The dispersion parameter is returned as the model component called theta.
The estimates of μ and θ are identical to what we obtained using the nlm function.
I produce a graph that compares the fit of the negative binomial and Poisson models. First I examine the predicted probabilities and counts (by summing over all 50 observations).
I combine the counts 9 and above into the last category using the pnbinom function.
I rename the last category so that it correctly indicates 9 and above.
I next produce a bar graph that compares the fit of the Poisson and negative binomial models.
Fig. 5 Fit of the Poisson and negative binomial models
Based on the plot the fit of the negative binomial model appears to be a big improvement over that of the Poisson.
If we examine the expected counts we see that a number of them are below 5.
As was noted in lecture 15 if too many of the expected counts are small (5 being a guideline for smallness) then the chi-squared distribution of the Pearson statistic becomes questionable. To deal with this I combine categories. One way to do this would be to leave the first five categories alone, combine the next two, and combine the last three. A good strategy is to start with the tail and work backwards.

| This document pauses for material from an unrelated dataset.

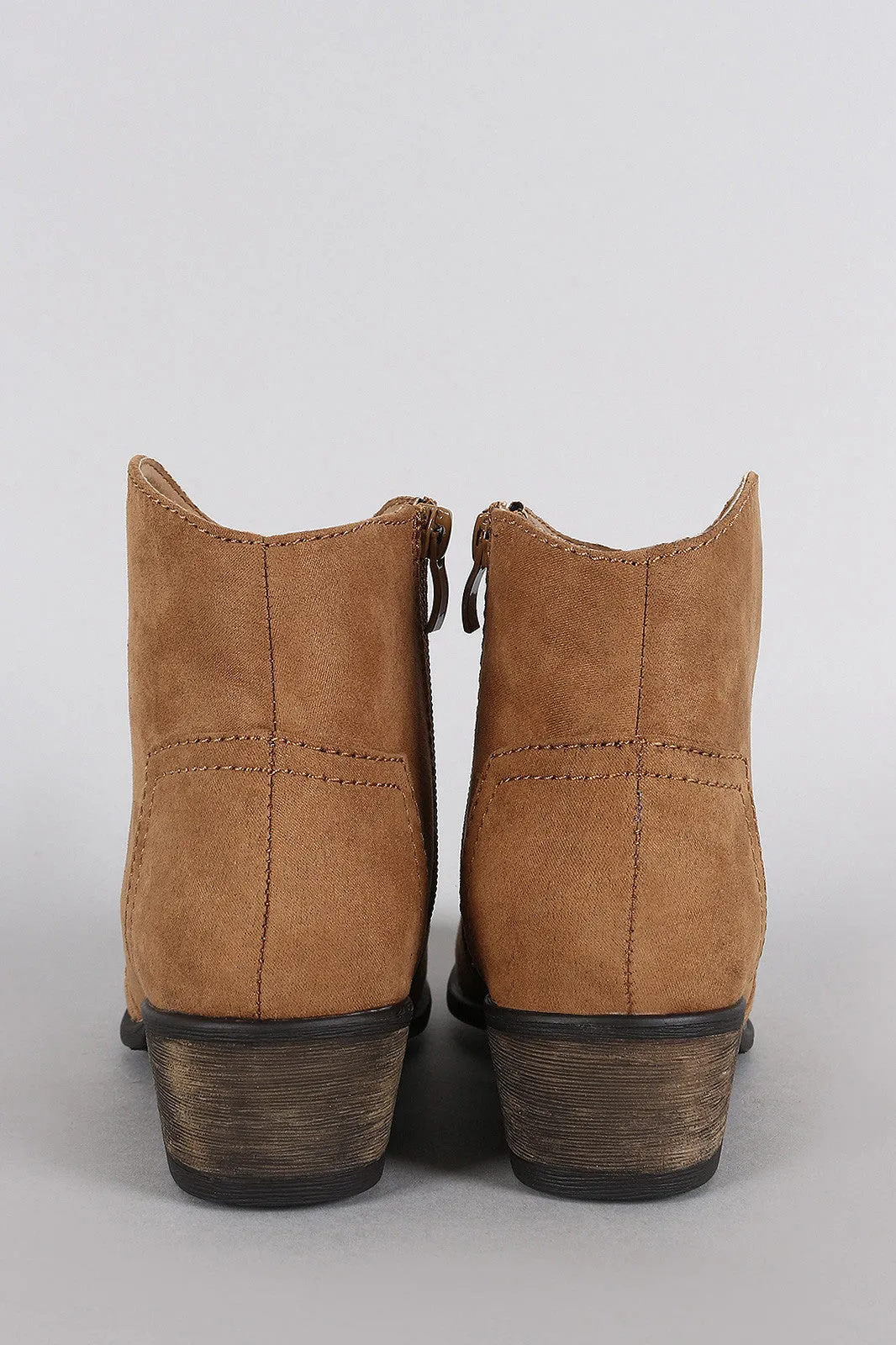 Bamboo Suede Almond Toe Cowgirl Booties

I merge these same categories for the observed counts and carry out the test. The degrees of freedom for the chi-squared statistic is m – 1 – p where m is the number of categories (after merging) and p is the number of estimated parameters. We have two estimated parameters: μ and θ so p = 2.
We can also use the output from the chisq.test function to obtain the Pearson statistic and then calculate the p-value ourselves (to properly account for the two parameters we estimated).
The p-value is large so we fail to reject the fit of the negative binomial model.
By pooling categories we have distorted the negative binomial distribution. Failing to find a significant lack of fit with the pooled categories does not guarantee that the model would still fit if we didn't pool the categories. We can obtain a better measure of fit by using a randomization test.
Chi-squared test for given probabilities with simulated p-value
(based on 9999 replicates)
data: num.stems
X-squared = 3.5113, df = NA, p-value = 0.9459
The result is nearly identical to what we obtained with the parametric test using the combined categories.
A skeptic might argue that the way we're handling the last category is overly favorable to our model. The empirical distribution of the raw data does not decrease to zero; the last observed category has four observations. By lumping the tail of the negative binomial distribution into the last observed category we force the expected results to more closely resemble the observed data. To satisfy such a skeptic I create a new category, X = 10+, for both the observed and expected counts and redo the randomization test. This category represents stems with aphid counts of 10 or more. Of course, the observed frequency of this new category is 0.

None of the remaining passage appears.